Historical Perspective
A View of Freedom in the U.S.-Mexico Borderlands
September 16, 2008
By Robert F. Castro
Robert F. Castro
The freedom represented by Mexican Independence Day (Sept. 16) stands in stark contrast to the liberty-denying conditions that exist in the U.S.-Mexico borderlands today.
These conditions are animated by the ever present violence percolating in the borderlands. The U.S.-Mexico borderlands seem permanently inscribed with the hostilities that have punctuated so much of its evolution. It is a place whose genesis is tied to crude ideas involving conquest, expansionism and domination. The violence of the borderlands world seems truly inescapable. Its very history bespeaks intense ethnic conflict between Anglos and Mexicans, as well as ubiquitous violence resulting from this conflict.
The writer Gloria Anzaldua has described the borderlands as a geopolitical space where “the third world grates against the first and bleeds.” In the 20th century, this violence has become institutionalized and disproportionately affects migrant crossers. Early immigration legislation meant to regulate and stabilize border regions has ultimately proven restrictive and unforgiving to nonwhite populations seeking entry into the nation. Further, organizations, like the border patrol, that were originally created to enforce immigration laws, have frequently added to the lawlessness permeating the U.S.-Mexico borderlands.
Lawlessness in the borderlands can take many forms. For instance, the rapid militarization of border regions has increased the likelihood that human rights abuses will occur at the expense of migrant crossers. Lawlessness often begets violence and the kind of violence that frequently erupts in the borderlands can assault the soul as well as the physical body.
Through both formal and informal means, undocumented persons are routinely criminalized through stinging rhetoric that summarily dehumanizes them while also transforming them into an alien caste. Harsh anti-immigrant sentiment can be both expansive and unrelenting – pervasively scarring other groups as well.
Sometimes, anti-immigrant sentiment spills over onto legal populations making them a pariah class despite the fact that they have broken no laws. Frequently, the criminalization of undocumented persons often scars Latina and Latino citizens: materially branding them with the illegalities associated with the U.S.-Mexico borderlands. All foreign-looking and foreign-sounding individuals come under suspicion and their activities are closely scrutinized regardless of a person’s actual legal status. Alternatively, anti-immigration activities can disparately impact the daily interactions of Latina/o citizens.

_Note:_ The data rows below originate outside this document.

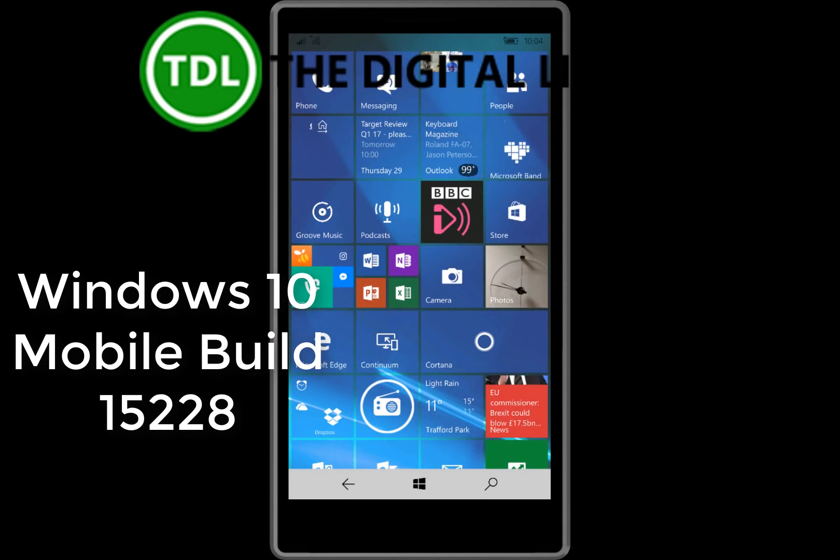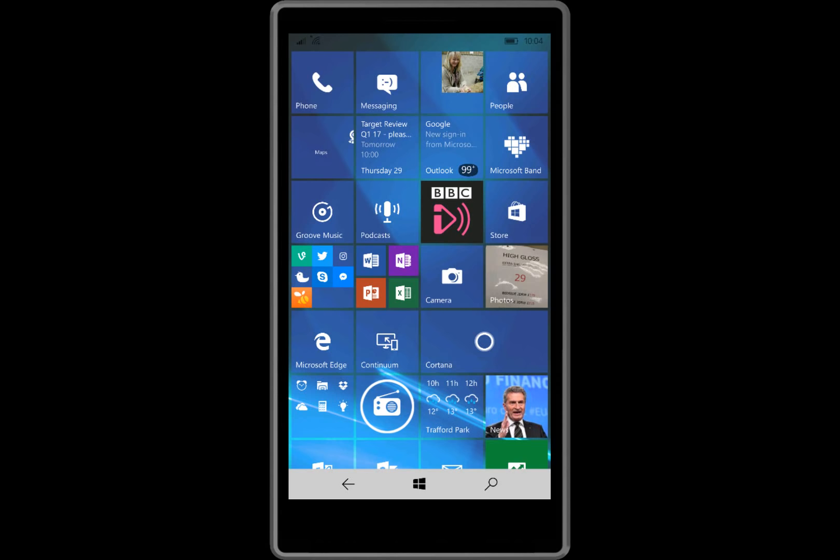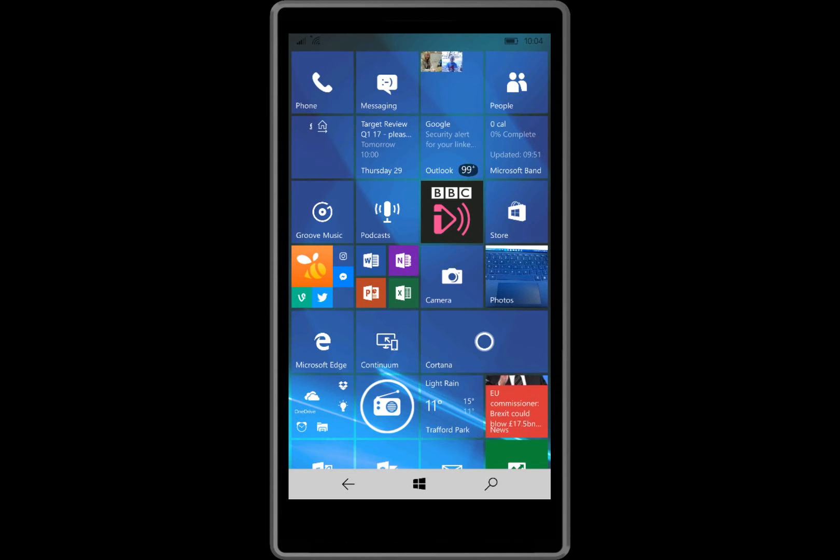Welcome to a video from the Digital Lifestyle. A quick look at build 15228 for mobile for Windows Insiders on the fast ring, and as ever with Windows 10 Mobile, there are no new features — just a couple of minor changes and other things to talk about.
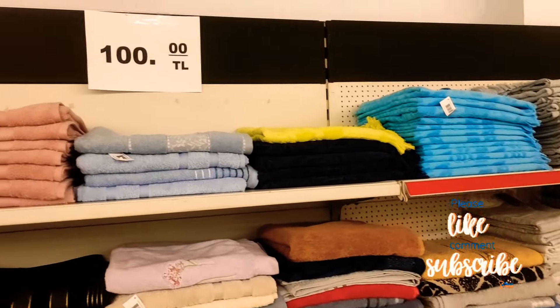Swimwear — longer styles at 200 lira, about £9. There's more ladies' stuff downstairs but men's items too — like T-shirts and jumpers. T-shirts at 60 lira.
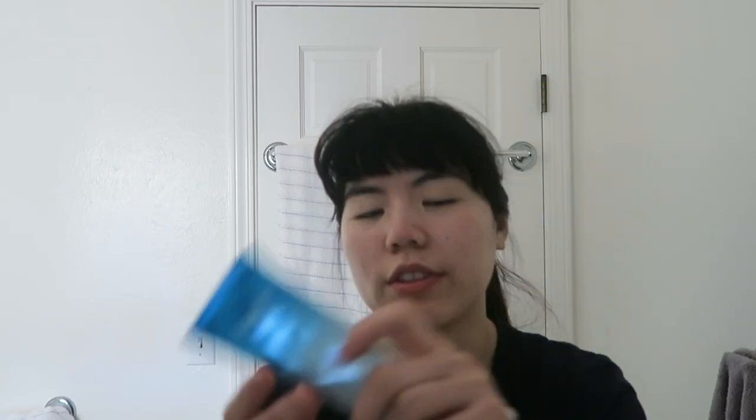My skin finds the new formula very drying. It has a very lightweight gel consistency and blends in beautifully with no white cast — it's a chemical sunscreen. But there's too much alcohol in it, and my skin finds it drying. The older formulation seemed to have less alcohol because the fragrance was less potent and didn't smell as alcoholy. I even stocked up on it in Japan thinking I liked it, but it turned out to be the newer formulation.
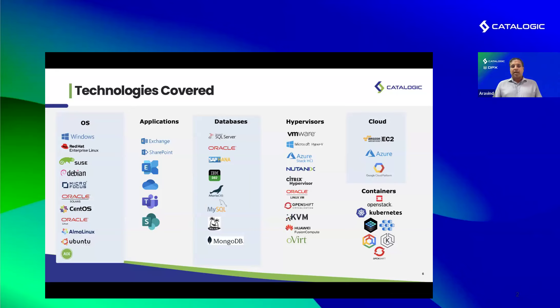We support mission-critical databases like Oracle, SAP HANA, DB2, and modern databases like MongoDB and MySQL. For hypervisors, we support over 20 different virtualization platforms. On the container side: AKS, EKS, GKE, SUSE Rancher, OpenShift, Mirantis, OpenStack — you name it. Many of these technologies are seeing a revival as people look at alternatives for VMware. So if you're looking for changes in your infrastructure, now may be a good time to look at Catalogic.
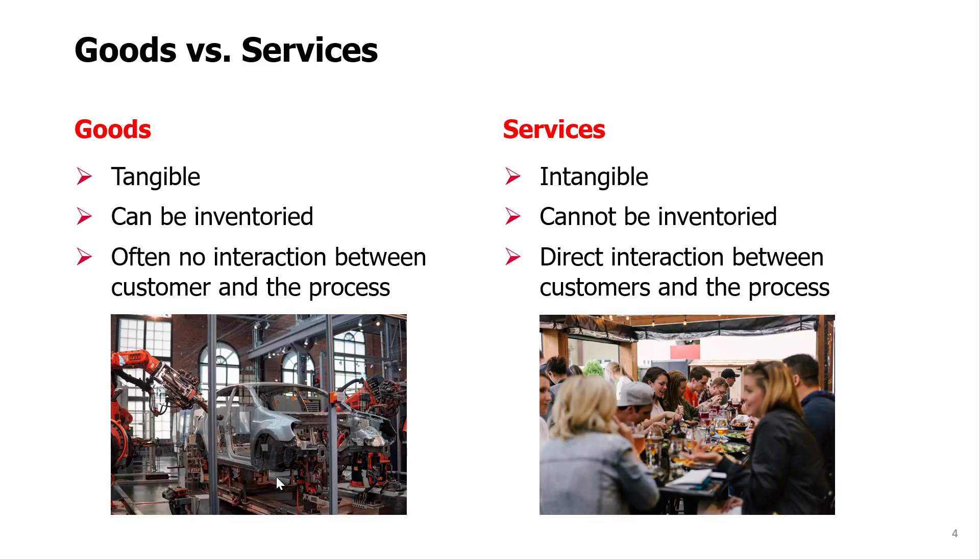The difference is that goods are tangible products like a car. Those products can be touched, can be stored in inventory, and often making them doesn't require much interaction with the customer — between the process and the customer.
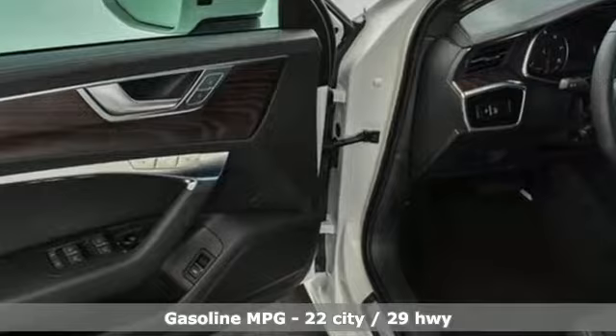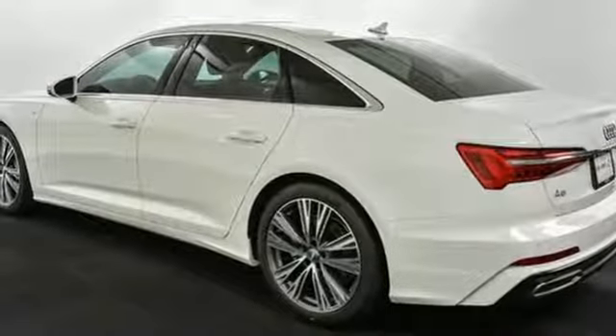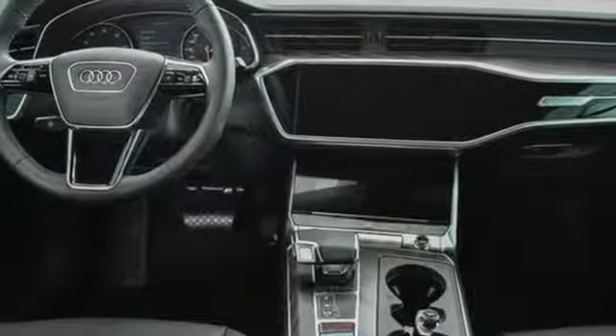Streaming audio, power heated mirrors, front heated leather bucket seats, auto dimming rear view mirror, doors and push-button start proximity key, dual zone climate control, automatic transmission, power sliding and tilting sunroof, sport suspension, and intercooled turbo V6 engine.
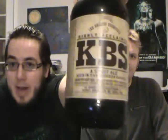Hey guys! Welcome to another episode of Mediocre Reviews and Awesome Brews. I'm your host Tony. And I'm Jesse. And today we've got for you Founders KBS.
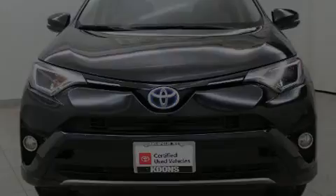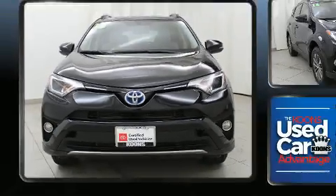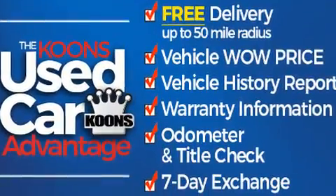Discerning drivers will appreciate the 2016 Toyota RAV4 Hybrid. It features an automatic transmission, all-wheel drive, and a 2.5-liter four-cylinder engine.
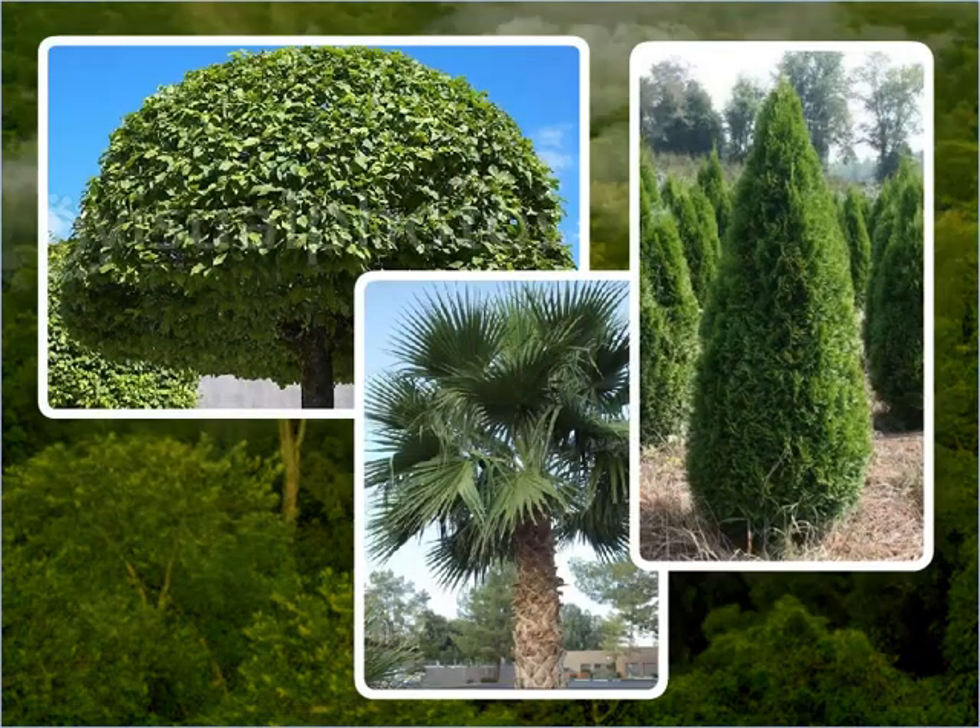Trees are of different shapes. What shapes can you see in these trees? Some trees are shaped like a dome. Some are shaped like a fan, and some others are shaped like a cone.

Ultimately, such scarring progressively weakens Latina and Latino populations by making them more vulnerable to the kinds of discrimination that our political and legal institutions are supposed to discourage. In the end, such liberty-denying conditions make the freedom memorialized in Mexican Independence more illusory, than reality.
Robert F. Castro is an assistant professor of Chicana and Chicano studies and an expert on U.S.-Mexico borderlands issues. This column also appeared in Spanish in Excelsior.